Most of the above is well known - the vast majority of the theorems presented date back at least a hundred years. The trouble, of course, is that these facts, whilst `known', were not known by the right people at the right time, so that an appalling amount of reinvention and duplication took place as physics and mathematics advanced. Spinors have a central role in our understanding of the algebra of space, and they have accordingly been reinvented more often than anything else. Each reincarnation emphasises different aspects and uses different notation, adding new storeys to our mathematical Tower of Babel. What we have tried to show in this introductory paper is that the geometric algebra of David Hestenes provides the best framework by which to unify these disparate approaches. It is our earnest hope that more physicists will come to use it as the main language for expressing their work.
In the three following papers, we explore different aspects of this unification, and some of the new physics and new insights which geometric algebra brings. Paper II discusses the translation into geometric algebra of other languages for describing spinors and quantum-mechanical states and operators, especially in the context of the Dirac theory. It will be seen that Hestenes' form of the Dirac equation genuinely liberates it from any dependence upon specific matrix representations, making its intrinsic geometric content much clearer.
Paper III uses the concept of multivector differentiation to make many unifications and improvements in the area of Lagrangian field theory. The use of a consistent and mathematically rigorous set of tools for spinor, vector and tensor fields enables us to clarify the role of antisymmetric terms in stress-energy tensors, about which there has been some confusion. A highlight is the inclusion of functional differentiation within the framework of geometric algebra, enabling us to treat `differentiation with respect to the metric' in a new way. This technique is commonly used in field theories as one means of deriving the stress-energy tensor, and our approach again clarifies the role of antisymmetric terms.
Paper IV examines in detail the physical implications of Hestenes' formulation and interpretation of the Dirac theory. New results include predictions for the time taken for an electron to traverse the classically-forbidden region of a potential barrier. This is a problem of considerable interest in the area of semiconductor technology.
We have shown elsewhere how to translate Grassmann calculus[30,31], and some aspects of twistor theory into geometric algebra, with many simplifications and fresh insights. Thus, geometric algebra spans very large areas of both theoretical and applied physics.

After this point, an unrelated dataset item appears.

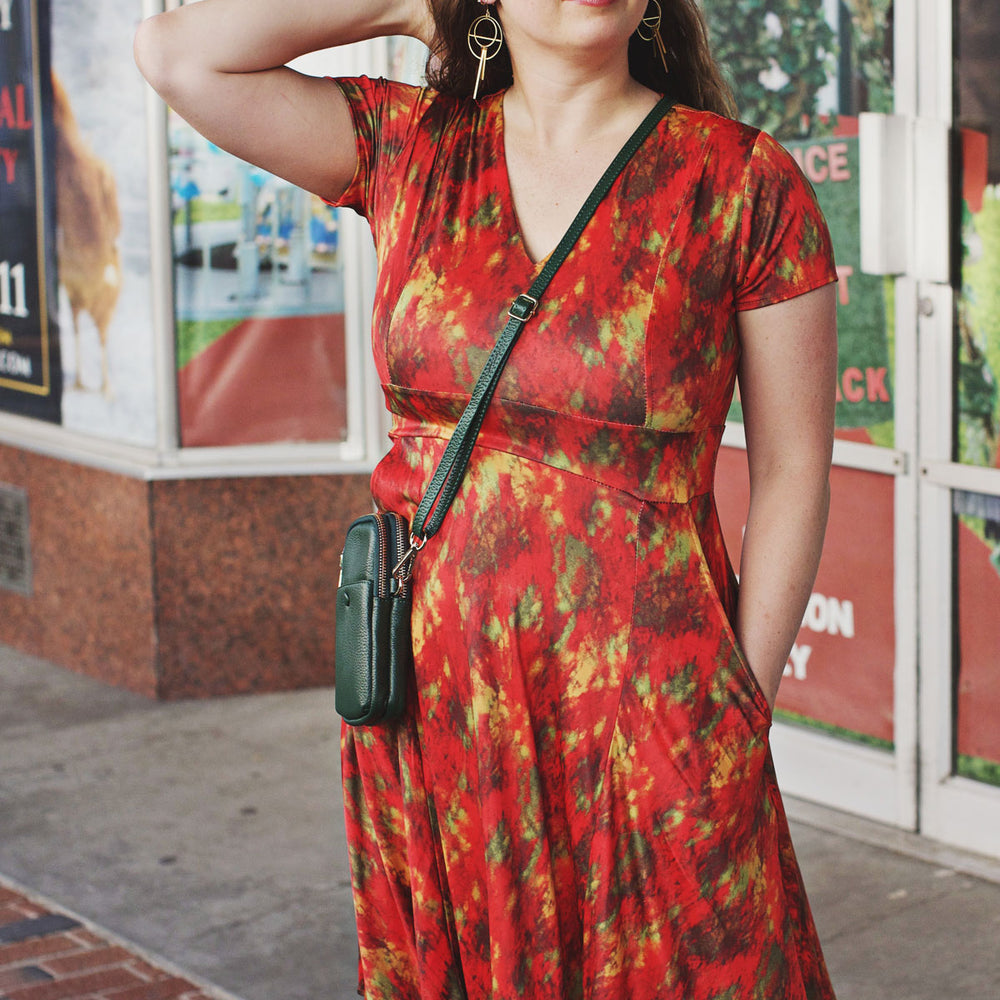 
                  
                    Woman wearing a red abstract dress with a forest green shoulder bag in front of a store.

There is another language which has some claim to achieve useful unifications. The use of `differential forms' became popular with physicists, particularly as a result of its use in the excellent, and deservedly influential, `Big Black Book' by Misner, Thorne & Wheeler. Differential forms are skew multilinear functions, so that, like multivectors of grade k, they achieve the aim of coordinate independence. By being scalar-valued, however, differential forms of different grades cannot be combined in the way multivectors can in geometric algebra. Consequently, rotors and spinors cannot be so easily expressed in the language of differential forms. In addition, the `inner product', which is necessary to a great deal of physics, has to be grafted into this approach through the use of the duality operation, and so the language of differential forms never unifies the inner and outer products in the manner achieved by geometric algebra.
This leads us to say a few words about the widely-held opinion that, because complex numbers are fundamental to quantum mechanics, it is desirable to `complexify' every bit of physics, including spacetime itself. It will be apparent that we disagree with this view, and hope earnestly that it is quite wrong, and that complex numbers (as mystical uninterpreted scalars) will prove to be unnecessary even in quantum mechanics.
The same sentiments apply to theories involving spaces with large numbers of dimensions that we do not observe. We have no objection to the use of higher dimensions as such; it just seems to us to be unnecessary at present, when the algebra of the space that we do observe contains so many wonders that are not yet generally appreciated.
We leave the last words to David Hestenes and Garret Sobczyk:
Geometry without algebra is dumb! - Algebra without geometry is blind!